When scheduling a new shoot, the gardener-scheduler will filter all seed candidates whose taints are not tolerated by the shoot. As Gardener’s taints/tolerations don’t support effects yet, you can compare this behaviour with using a NoSchedule effect taint in Kubernetes.

Be reminded that taints/tolerations are no means to define any affinity or selection for seeds - please use .spec.seedSelector in the Shoot to state such desires.

⚠️ Please note that - unlike how it’s implemented in Kubernetes - a certain seed cluster may only be used when the shoot tolerates all the seed’s taints. This means that specifying .spec.seedName for a seed whose taints are not tolerated will make the gardener-apiserver reject the request.

Consequently, the taints/tolerations feature can be used as means to restrict usage of certain seeds.
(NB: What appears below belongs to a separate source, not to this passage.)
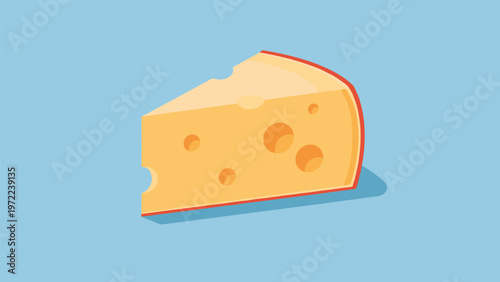 Large wedge of yellow Swiss cheese with characteristic holes casting a soft shadow on a light blue background for culinary and food concepts.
Toleration Defaults and Whitelist

The Project resource features a .spec.tolerations object that may carry defaults and a whitelist (see this example). The corresponding ShootTolerationRestriction admission plugin (cf. Kubernetes’ PodTolerationRestriction admission plugin) is responsible for evaluating these settings during creation/update of Shoots.

Whitelist

If a shoot gets created or updated with tolerations, then it is validated that only those tolerations may be used that were added to either a) the Project’s .spec.tolerations.whitelist, or b) to the global whitelist in the ShootTolerationRestriction’s admission config (see this example).

⚠️ Please note that the tolerations whitelist of Projects can only be changed if the user trying to change it is bound to the modify-spec-tolerations-whitelist custom RBAC role, e.g., via the following ClusterRole:

apiVersion: rbac.authorization.k8s.io/v1
kind: ClusterRole
metadata:
  name: full-project-modification-access
rules:
- apiGroups:
  - core.gardener.cloud
  resources:
  - projects
  verbs:
  - create
  - patch
  - update
  - modify-spec-tolerations-whitelist
  - delete

Defaults

If a shoot gets created, then the default tolerations specified in both the Project’s .spec.tolerations.defaults and the global default list in the ShootTolerationRestriction admission plugin’s configuration will be added to the .spec.tolerations of the Shoot (unless it already specifies a certain key).